Our trade of the week was initially reserved for the mighty dollar after the bloodbath in FX markets last week...

However, the pound’s flash crash to record lows hijacked our attention early this morning.

It’s been a rough month for the Sterling thanks to a growing list of negative themes.

The economic outlook remains uncertain in the face of rising inflation while the death of Queen Elizabeth II has added to the overall gloom. Sentiment towards the UK economy is shaky despite the BoE recently hiking rates by 50 basis points to control inflation. Investors are clearly on edge and this continues to be reflected in increased pound sensitivity to political and economic developments.

The low down…

The key trigger behind the pound’s stomach-churning selloff was the Conservative government’s huge tax-cutting mini-budget revealed last Friday.

Growing concern over the fiscal policies fuelling inflation and government debt left investors on edge, adding another layer of uncertainty over the UK’s already gloomy outlook. Chancellor of the Exchequer, Kwasi Kwarteng’s comment on Sunday that there will be “more to come” on tax cuts, simply rubbed salt into the wound – sending the pound sliding to an all-time low of 1.0350.

With the fundamentals and negative themes clearly favouring pound bears, the path of least resistance for GBPUSD points south.  As the dollar continues to appreciate on Fed hike bets and risk aversion, this may fuel the downside momentum.

What does this mean for the Bank of England?

The pound’s painful depreciation has sparked speculation over an emergency interest rate hike from the BoE to calm markets. Even if the BoE intervenes, short-term gains may be swallowed by long-term themes favouring bears.

According to Bloomberg, traders have boosted bets on BoE rate increases – pricing in 200 basis points of tightening by the next policy meeting in November.

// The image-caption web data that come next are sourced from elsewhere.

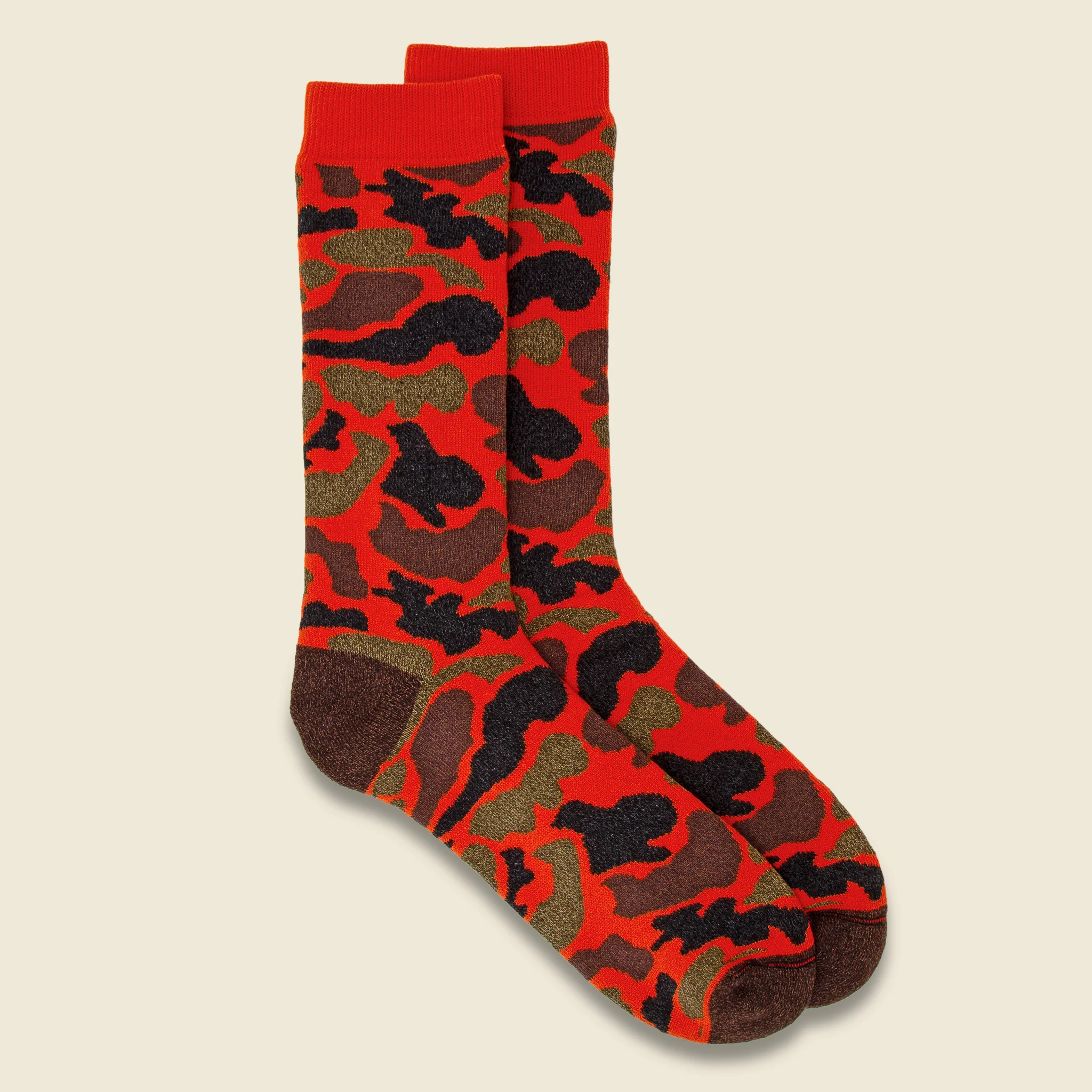 Pile Camo Crew Sock - Orange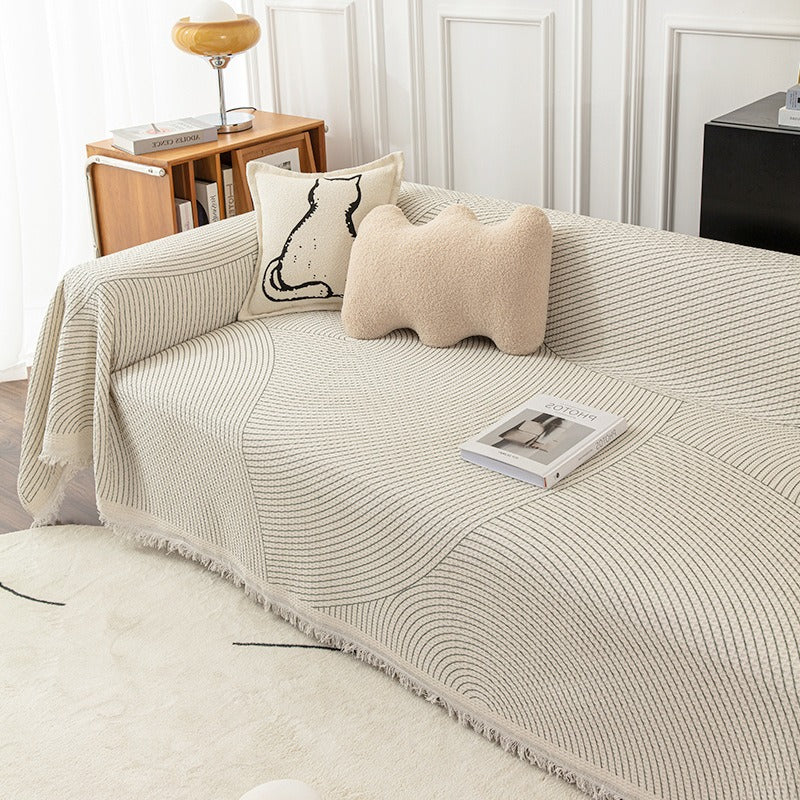 Elodie – Housse de canapé moderne avec bordure à glands pour accents déco élégants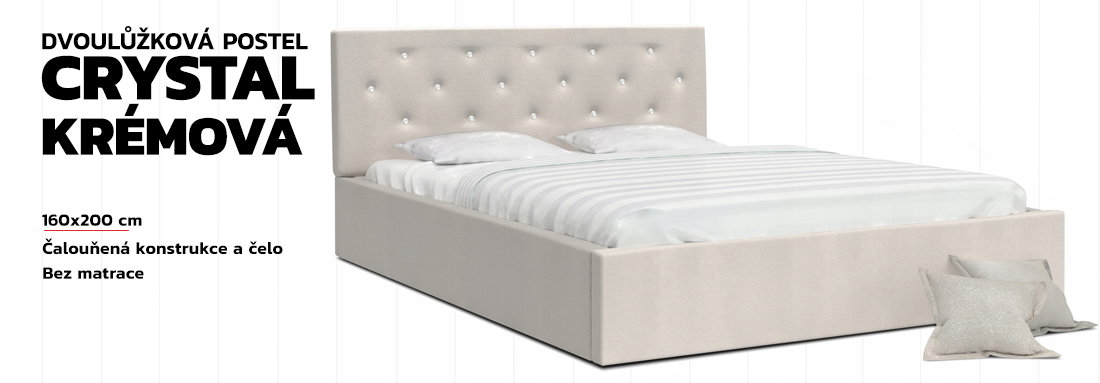 Luxusní manželská postel CRYSTAL krémová 160x200 s dřevěným roštem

While such a move could throw the tired pound a lifeline and limit downside losses, the upside could be capped by recession fears and other forces haunting attraction towards sterling.

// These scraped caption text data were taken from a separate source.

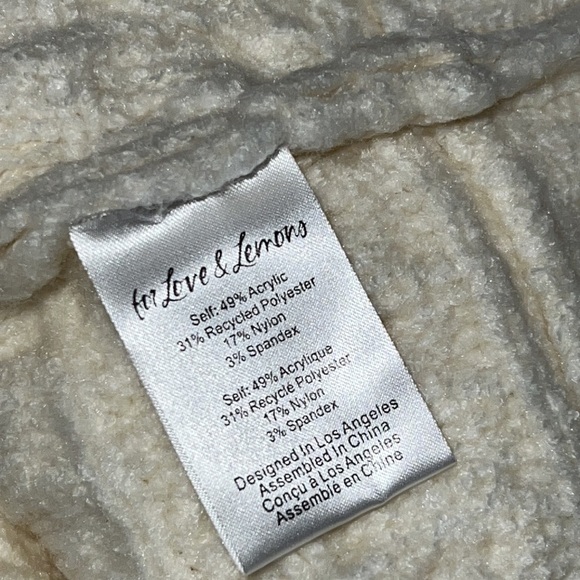 FOR Love and Lemons Ivory Dominique Cable Knit Shoulder pads Sweater size Medium - Picture 12 of 15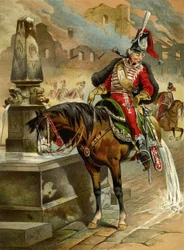 Illustration to the Book The Surprising Adventures of Baron Münchhausen by Rudolph Erich Raspe, 1896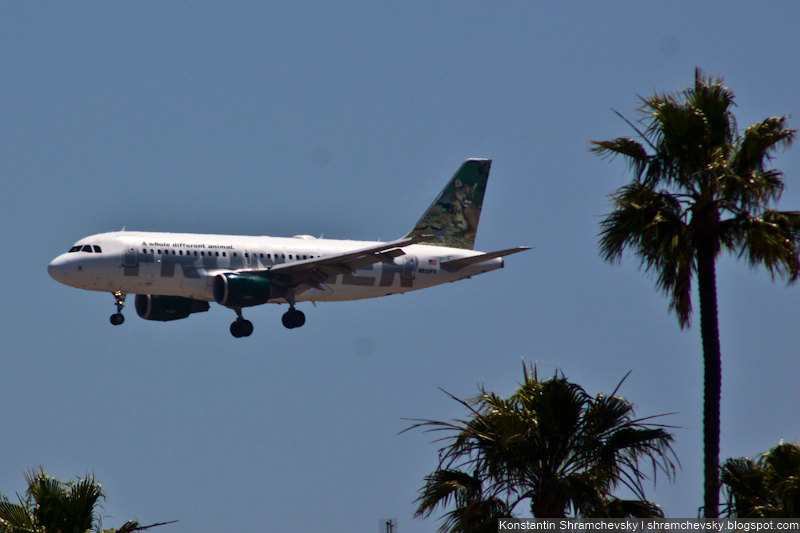 USA California San Diego Internagional Airport Lindbergh Field Frontier Airlines Airbus A319 США Калифорния Сан-Диего Международный Аэропорт Линдберг Филд поле Фронтир Эйрлайнз Аэробус Эйрбас А319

What to watch out for this week…

This will be a week jampacked with speeches by numerous Federal Reserve officials.

The next few days could be incredibly volatile for the dollar which remains highly sensitive to anything relating to inflation and rate hike expectations. If the majority of Fed speakers strike a hawkish note and fuel speculation around more aggressive rate hikes down the road, this could turbo-charge dollar bulls further. Alternatively, a cautious set of Fed officials who drop dovish hints and concerns over the US economic outlook could slam the breaks on the dollar rally. Such a development may invite bears into the scene, dragging the Dollar Index (DXY) lower.

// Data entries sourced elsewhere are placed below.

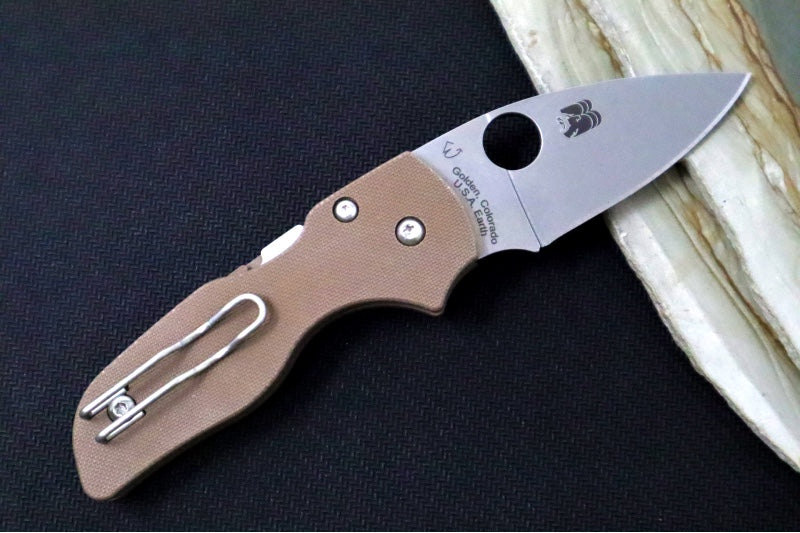 Spyderco Lil Native Compression Lock - Brown G-10 / Satin CPM-15V Blade C230GPBN15V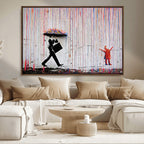 Banksy Wall Art Canvas Print | Framed Graffiti Street Art Picture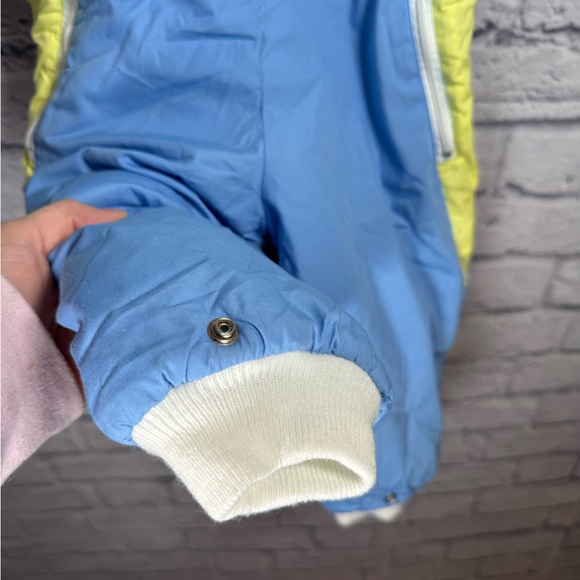 Vintage 90s Colorblock Kids Snowsuit Alpine mint blue and white size 18 months - Picture 3 of 9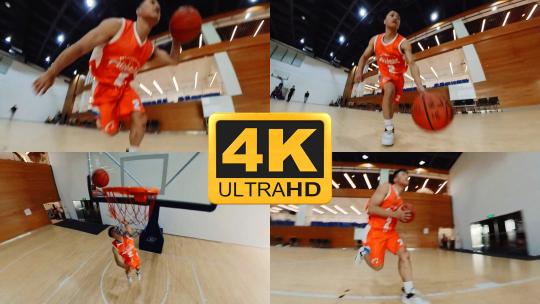 篮球运动员三步上篮跟拍高清在线视频素材下载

Ultimately, a stronger USD may pull the GBPUSD to fresh all-time lows while a weaker USD could offer space for bulls to fight back – triggering a technical bounce on the currency pair before bears make a return.

GBPUSD parity dream to become reality?

After hitting an all-time low of 1.0350, the GBPUSD was only 350 pips away from touching parity.

When considering how the currency pair dropped over 400 pips last Friday and well over 1000 pips since the start of last week, the parity dream could become reality sooner than expected.

Prices are under intense pressure in the daily, weekly, and monthly timeframe. Given are we are trading in uncharted territories, there is plenty of space for bears to run rampant. The previous all-time low at 1.0520 (hit back in 1985) could transform into dynamic resistance down the road. Sustained weakness below this point may re-open the doors back towards 1.0350. A breakdown below this level could encourage a selloff towards 1.0100 and parity. 

Alternatively, if prices break back above 1.0850 this could trigger a move higher towards 1.1350 where bears may attempt to snatch back control.

On the daily charts, things look ugly. Prices are trading below the 50-, 100- and 200-day SMA while the MACD is below zero. A move back below 1.0520 could signal further declines over the next few days. If 1.0850 proves to be unreliable resistance, the GBPUSD could challenge 1.1300.